Può essere, però, che SS facesse a sua volta domande, in risposta ad altre domande, appunto per non dare risposte.
Domanda: ma suona bene a tutti l'indicativo invece del congiuntivo?


----------



## bearded

Diamo per buono 'ottenere' risposte.
Al mio orecchio suonano bene
1. faceva domande con l'aria di chi (=di uno che) non voleva ottenere risposte
2. faceva domande con l'aria di chi (=di uno che) non avrebbe voluto ottenere risposte,
mentre invece mi suona un po' ''forzata'' la frase al congiuntivo
3. faceva domande con l'aria di chi (=di uno che) non volesse ottenere risposte.
Secondo me, il congiuntivo imperfetto andrebbe bene se, al posto di ''con l'aria di chi'', ci fosse un ''come se'':
4. faceva domande come se non volesse ottenere risposte.


----------



## elemika

La situazione è assai imbarazzante per SS. Le fanno una domanda sul suo amico e lei non sa di preciso come rispondere ( per cavarsela e anche per non metterlo in difficoltà).

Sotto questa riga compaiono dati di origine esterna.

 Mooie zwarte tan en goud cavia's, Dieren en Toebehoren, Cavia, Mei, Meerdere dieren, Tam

"Ve l'ha detto FF che mi trovavo lì?" -SS faceva domande con l'aria di chi non volesse dare risposte.

Insomma, come ha detto Lorenzos 





> SS faceva a sua volta domande, in risposta ad altre domande, appunto per non dare risposte



Grazie a voi, Paul, Lorenzos e Bearded man
delle risposte e della pazienza!
Se ho capito bene, l'uso del congiuntivo qui (ammissibile o sforzato che sia)  non è necessario 
Comunque è stato un buon esercizio, grazie ai vostri commenti!

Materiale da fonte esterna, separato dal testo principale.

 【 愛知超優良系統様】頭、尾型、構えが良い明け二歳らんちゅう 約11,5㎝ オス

Tanti auguri di Buon Natale a tutti!


----------



## lorenzos

Ciao elemika, ricambio gli auguri, con i complimenti per il tuo italiano (ma ho dei dubbi su "sforzato").


----------



## elemika

A-a-a!!! 
..."forzato", scusatemi!

Grazie ancora!


----------



## Sempervirens

elemika said:


> Buonasera,
> ho un dubbio sull'uso del congiuntivo nella frase seguente:
> 
> SS faceva domande con l'aria di chi non volesse dare risposte.
> 
> Come funziona il congiuntivo qui?
> Grazie!



Scusa, elemika, sei sicuro che la frase sia come quella che hai presentato? Non c'è uno straccio di articolo?

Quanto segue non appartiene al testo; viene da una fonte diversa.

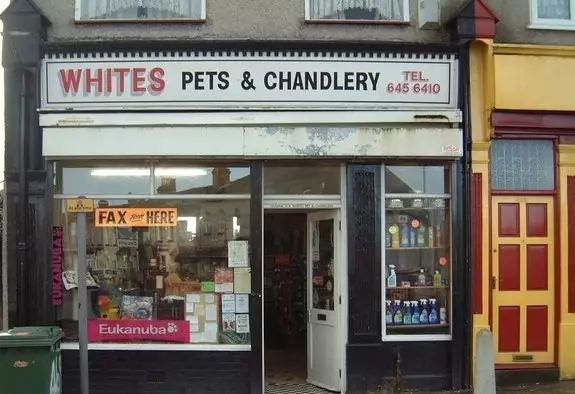 开宠物店怎么装修,年赚百万的宠物店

_*La *SS faceva domande con l'aria di chi non volesse dare risposte_.   Ecco, ad una frase così impostata potrei rispondere. A quella che vedo, senza articolo, posso solo mettermi le mani nei capelli. 

Ciao!


----------



## elemika

Ciao, Sempervirens,
tanti auguri di buon Natale a te ad a tutti!

Le lettere "SS" le ho messe al posto del nome della protagonista, 
in tal caso è obbligatorio l'uso dell'articolo? Non lo sapevo


----------



## Sempervirens

elemika said:


> Ciao, Sempervirens,
> tanti auguri di buon Natale a te ad a tutti!
> 
> Le lettere "SS" le ho messe al posto del nome della protagonista,
> in tal caso è obbligatorio l'uso dell'articolo? Non lo sapevo



Contraccambio gli auguri.  Sì, un articolo ce lo metterei. 

Saluti


----------



## Paulfromitaly

elemika said:


> Ciao, Sempervirens,
> tanti auguri di buon Natale a te ad a tutti!
> 
> Le lettere "SS" le ho messe al posto del nome della protagonista,
> in tal caso è obbligatorio l'uso dell'articolo? Non lo sapevo



Assolutamente no, l'articolo non serve.

*Silvia Soldini* faceva domande con l'aria di chi non volesse dare risposte.
*SS* faceva domande con l'aria di chi non volesse dare risposte.
*La* SS faceva domande con l'aria di chi non volesse dare risposte.

Non stiamo mica parlando delle SS naziste qui.


----------



## Sempervirens

Paulfromitaly said:


> Assolutamente no, l'articolo non serve.
> 
> *Silvia Soldini* faceva domande con l'aria di chi non volesse dare risposte.
> *SS* faceva domande con l'aria di chi non volesse dare risposte.
> *La* SS faceva domande con l'aria di chi non volesse dare risposte.
> 
> Non stiamo mica parlando delle SS naziste qui.



Se le cose stanno così, chi si contrappone. Quelle due esse maiuscole m'avevano tratto in inganno.  Come non detto!

S.V


----------